Princess Virginia Maria Clara von und zu Fürstenberg (Virginia Maria Clara Prinzessin von und zu Fürstenberg; 5 October 1974 – 10 May 2023) was an Italian artist, poet, filmmaker, and fashion designer.

== Early life and family ==
Princess Virginia von Fürstenberg was born in Genoa, Italy on 5 October 1974 to Prince Sebastian zu Fürstenberg (b. 1950) and his wife, Elisabetta Guarnati (b. 1951). She was a member of an ancient Swabian House of Fürstenberg. Her paternal grandparents were Prince Tassilo zu Fürstenberg and Clara Agnelli. She was a niece of actress Princess Ira von Fürstenberg and fashion designer Prince Egon von Fürstenberg, the ex-husband of Diane von Fürstenberg. Von Fürstenberg was a first cousin of Prince Alexandre von Fürstenberg, Tatiana von Fürstenberg, Prince Hubertus of Hohenlohe-Langenburg, and the late Prince Christoph of Hohenlohe-Langenburg.

== Career ==
Von Fürstenberg was a fashion designer and creator of the fashion label Virginia Von Zu Furstenberg. She made her fashion debut in March 2011 at the Teatro Filodrammatici in Milan.

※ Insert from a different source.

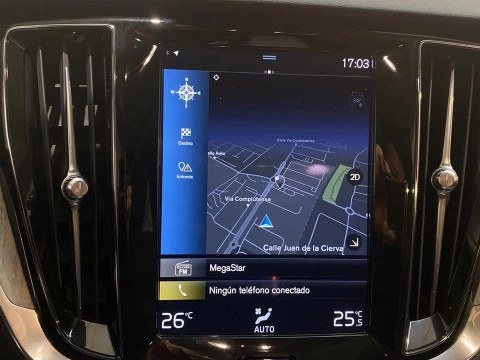 Volvo V60 familiar 2.0 B4 D INSCRIPTION AUTO 5P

In September 2011, von Fürstenberg debuted a theatrical work titled DISMORPHOPHOBIA that combined spoken word, fashion, film, movement, and dance. She debuted her second collection at Milano Moda Donna in Milan on 23 September 2011. She also wrote poetry, and at times combined her poetry and fashion design in some of her work.

In 2012, she collaborated with Tommaso Trak to shoot a film focusing on the life of her great-grandmother, Virginia Bourbon del Monte. In 2017, von Fürstenberg created an art installation dedicated to her mother titled There was a nice home, which was displayed at the Grossetti Arte Gallery in Venice.

== Personal life and death ==
Von Fürstenberg married Baron Alexandre Csillaghy de Pacsér, a Hungarian nobleman, in 1992. Their son, Baron Miklós Tassilo Csillaghy, is an equestrian. Their daughter, Baroness Ginevra Csillaghy, has modeled for the Virginia Von Zu Furstenberg fashion line. She and Csillaghy de Pacsér divorced in 2003. In 2002, a year before her divorce was finalized, she gave birth to a daughter, Clara Bacco Dondi dall'Orologio, from her relationship with Giovanni Bacco Dondi dall'Orologio. In 2004, she married Paco Polenghi with whom she had two children, Otto Leone Maria Polenghi and Santiago Polenghi. Virginia and Polenghi later divorced. On 28 October 2017, she married Janusz Gawronski, Rawicz coat of arms, grandson of Jas Gawronski and a descendant of an ancient Polish noble family. In 2020, the couple divorced.

Von Fürstenberg went missing in October 2022 and again in February 2023, both times missing person reports were filed with Italian police.

She died on 10 May 2023, aged 48, after a falling from an upper-floor balcony at the Palace Hotel in Merano.